%%

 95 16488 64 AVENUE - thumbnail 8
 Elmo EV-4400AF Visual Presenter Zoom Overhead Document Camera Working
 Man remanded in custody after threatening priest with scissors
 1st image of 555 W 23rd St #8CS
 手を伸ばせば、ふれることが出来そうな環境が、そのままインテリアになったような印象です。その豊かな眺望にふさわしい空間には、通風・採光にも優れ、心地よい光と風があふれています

%%

• Try it:
This exercise requires an exact copy of all the records.

• Your solution:
 95 16488 64 AVENUE - thumbnail 8
 Elmo EV-4400AF Visual Presenter Zoom Overhead Document Camera Working
 Man remanded in custody after threatening priest with scissors
 1st image of 555 W 23rd St #8CS
 手を伸ばせば、ふれることが出来そうな環境が、そのままインテリアになったような印象です。その豊かな眺望にふさわしい空間には、通風・採光にも優れ、心地よい光と風があふれています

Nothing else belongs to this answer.